Risk Factors Linked to Pain After Breast Cancer Surgery
Stress Reduction, Drug Therapy, May Prevent Chronic Problems
Tuesday, September 26, 2006
A woman’s young age, extensive surgery, and whether she suffered severe, post-operative pain are risk factors for developing chronic pain after breast cancer surgery, a University of Rochester study found.
Up to half of all women who undergo a lumpectomy or mastectomy feel pain weeks or months later near the breast, adjacent armpit and upper arm on the same side. It is often described as burning, throbbing, and/or a sharp pain.
In a study published in the September 2006 Journal of Pain, lead author Robert H. Dworkin, Ph.D., a University of Rochester Medical Center professor of anesthesiology, neurology, oncology and psychiatry, and international pain management expert, recommends that women facing breast-cancer surgery should be counseled beforehand to alleviate any distress they may have and improve coping skills. Results of the study suggest that a combination of analgesic drugs and counseling immediately after surgery might also help to prevent long-term problems, he said.
“Women with breast cancer have unique concerns and fears that may be connected to pain,” Dworkin said. “And despite considerable changes over time in surgical approaches, these results are consistent with other studies.”
Few prospective studies have identified the characteristics of patients who are most likely to develop chronic pain, which can diminish a woman’s quality of life by leading to job loss or marriage stress, even if the cancer is successfully treated.

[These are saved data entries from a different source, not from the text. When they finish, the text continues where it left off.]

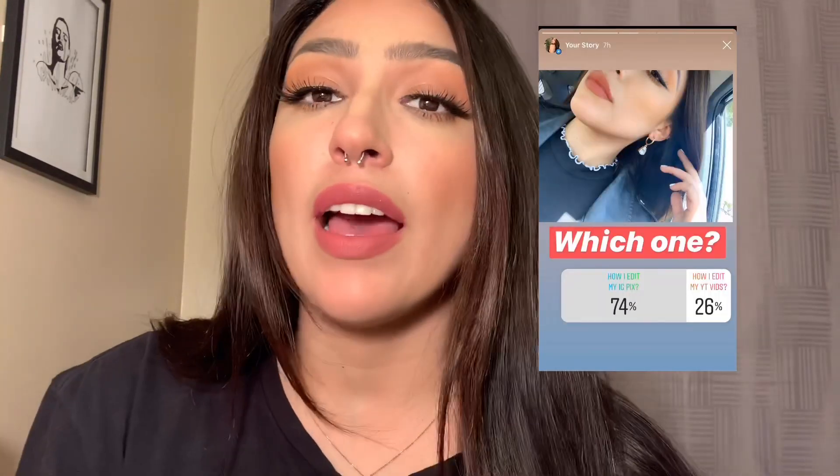Based on the title of the video you guys already know what I'm going to be showing you guys today. I actually put a poll up on my Instagram today asking you guys if you wanted me to show you how I edit my Instagram photos or how I edit my YouTube videos, and well this was the result — a lot more of you guys wanted to see how I edit my Instagram photos, so that is what I'm going to be showing you guys today.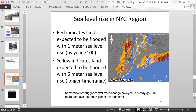In New York City, sea level rise projections show that red areas on the map indicate land expected to be flooded with one meter of sea level rise, anticipated by approximately the year 2100. Yellow areas indicate land that would become flooded with six meters of sea level rise at some longer future time. With just one meter of sea level rise by around 2100, those red areas will be underwater.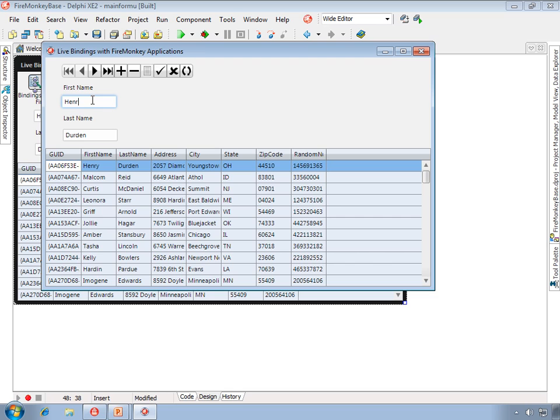We can make our edits, post our changes, edit in either of these controls, and that's how easy it is to bind your FireMonkey controls to data sets using live bindings.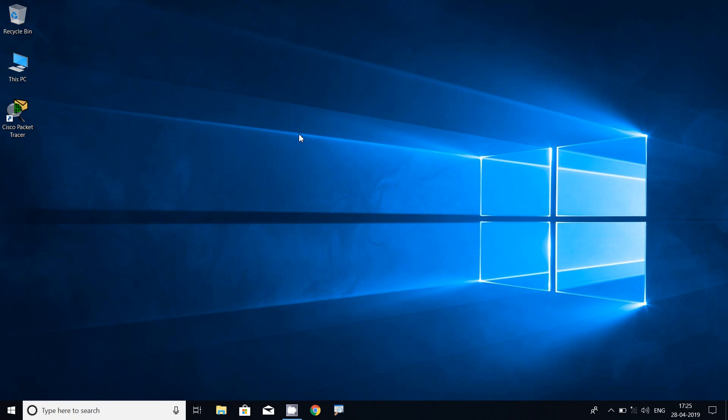Hi friends, in this video we will see how to configure an IP address in a PC. We can configure on any Windows operating system such as Windows 7, Windows 8, Windows 10, or any other server operating systems. Here I am going to show in Windows 10 Home Edition.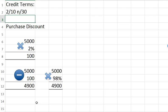If it's us that is doing the selling, then we can also offer our customers the same credit terms, such as 2/10 net 30, meaning that if they pay us within 10 days they may take a 2% discount. If not, the entire amount is due within 30 days.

Dworkin’s group evaluated and interviewed 95 women scheduled for a simple lumpectomy, a lumpectomy with axillary lymph node dissection or a mastectomy. Researchers asked the women to rate their pain (on a scale from zero to 10) two days after surgery, 10 days after surgery and at the three-month point.
They also collected demographic and clinical information on each patient, and conducted tests to assess their mental health. Nearly half of the women (48 percent) said they were experiencing surgery-related pain three months later. Women under age 50 were most likely to report it.
Data from the women who developed chronic pain was then compared to the women who did not report chronic pain. In addition to age, the women most likely to suffer debilitating chronic pain had more extensive surgery followed by radiation, and reported the most severe pain in the first week after their operation.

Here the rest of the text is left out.